## Work order
The whole listing that follows is to be restated word for word, images excluded.

## Supplied entries
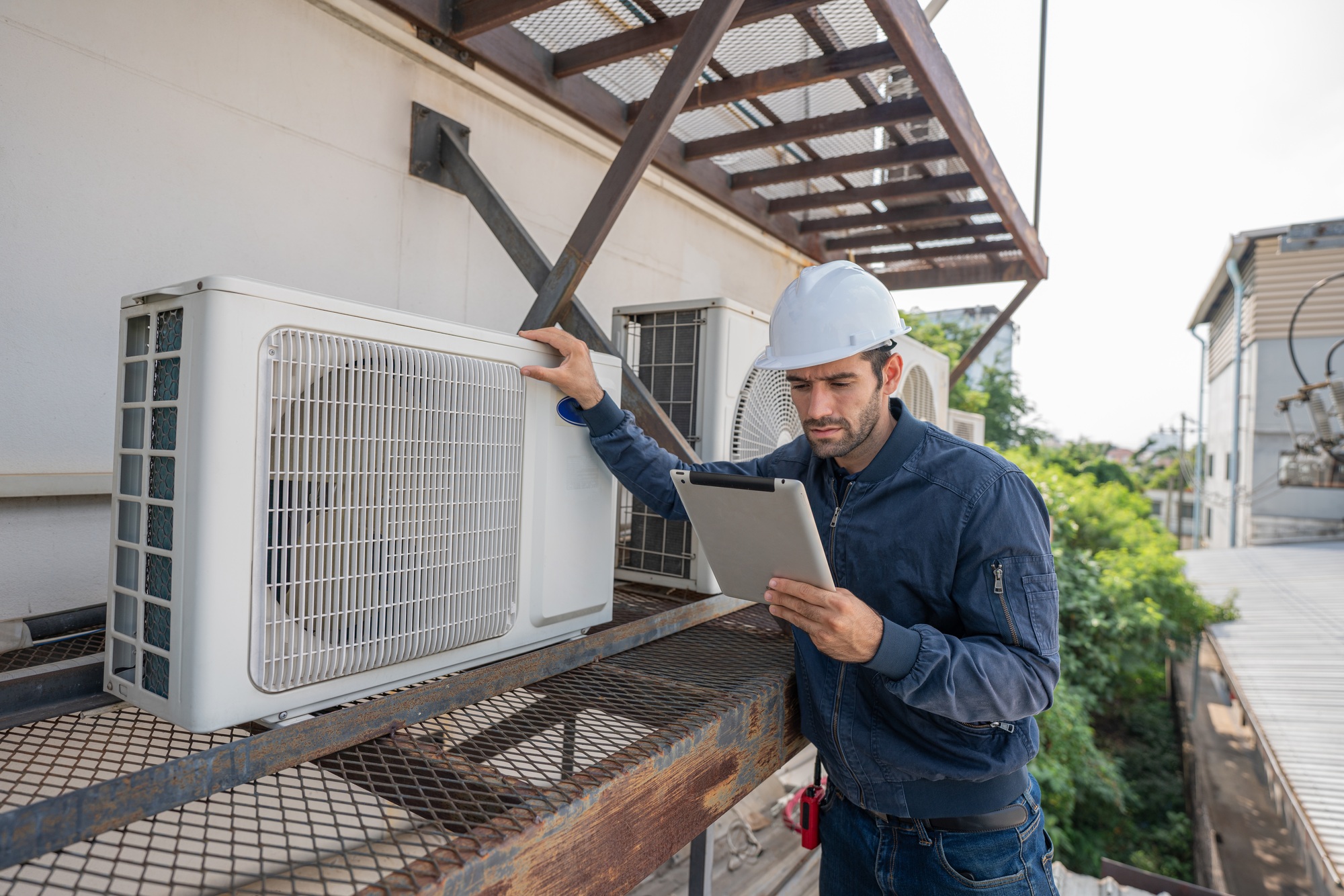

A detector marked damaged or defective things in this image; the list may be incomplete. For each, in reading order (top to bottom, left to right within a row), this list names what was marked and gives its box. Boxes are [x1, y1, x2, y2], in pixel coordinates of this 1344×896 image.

rusty canopy beam [452, 0, 567, 38]
rusty canopy beam [551, 0, 812, 78]
rusty steel beam [551, 0, 812, 78]
rusty steel beam [621, 42, 898, 120]
rusty canopy beam [626, 42, 903, 120]
rusty steel beam [406, 103, 704, 462]
rusty canopy beam [409, 107, 704, 462]
rusty canopy beam [521, 0, 747, 334]
rusty steel beam [521, 0, 747, 334]
rusty canopy beam [688, 98, 930, 161]
rusty steel beam [688, 98, 930, 161]
rusty steel beam [731, 139, 962, 191]
rusty canopy beam [737, 140, 957, 191]
rusty steel beam [769, 172, 978, 215]
rusty canopy beam [769, 175, 978, 218]
rusty canopy beam [796, 199, 989, 234]
rusty steel beam [796, 199, 1000, 234]
rusty steel beam [823, 220, 1005, 253]
rusty canopy beam [823, 222, 1005, 253]
rusty steel beam [860, 238, 1016, 266]
rusty canopy beam [860, 240, 1016, 265]
rusty canopy beam [860, 0, 1048, 277]
rusty steel beam [860, 0, 1048, 277]
rusty steel beam [876, 259, 1032, 292]
rusty canopy beam [876, 259, 1032, 292]
rusty canopy beam [946, 278, 1038, 387]
rusty steel beam [946, 278, 1038, 387]
rusty canopy beam [0, 591, 747, 870]
rusty steel beam [0, 596, 747, 870]
rusty steel beam [368, 666, 801, 896]
rusty canopy beam [368, 666, 806, 896]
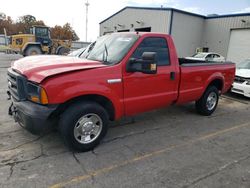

## Solved problem
A detector marked damaged or defective things in this image; the list may be incomplete. For each, in reading order (top to bottom, left to right within a row), this list names what was marked and gives its box. Boxes are [x1, y1, x2, y2], in pixel coordinates of this 1344×896 image.

rusty canopy beam [452, 0, 567, 38]
rusty canopy beam [551, 0, 812, 78]
rusty steel beam [551, 0, 812, 78]
rusty steel beam [621, 42, 898, 120]
rusty canopy beam [626, 42, 903, 120]
rusty steel beam [406, 103, 704, 462]
rusty canopy beam [409, 107, 704, 462]
rusty canopy beam [521, 0, 747, 334]
rusty steel beam [521, 0, 747, 334]
rusty canopy beam [688, 98, 930, 161]
rusty steel beam [688, 98, 930, 161]
rusty steel beam [731, 139, 962, 191]
rusty canopy beam [737, 140, 957, 191]
rusty steel beam [769, 172, 978, 215]
rusty canopy beam [769, 175, 978, 218]
rusty canopy beam [796, 199, 989, 234]
rusty steel beam [796, 199, 1000, 234]
rusty steel beam [823, 220, 1005, 253]
rusty canopy beam [823, 222, 1005, 253]
rusty steel beam [860, 238, 1016, 266]
rusty canopy beam [860, 240, 1016, 265]
rusty canopy beam [860, 0, 1048, 277]
rusty steel beam [860, 0, 1048, 277]
rusty steel beam [876, 259, 1032, 292]
rusty canopy beam [876, 259, 1032, 292]
rusty canopy beam [946, 278, 1038, 387]
rusty steel beam [946, 278, 1038, 387]
rusty canopy beam [0, 591, 747, 870]
rusty steel beam [0, 596, 747, 870]
rusty steel beam [368, 666, 801, 896]
rusty canopy beam [368, 666, 806, 896]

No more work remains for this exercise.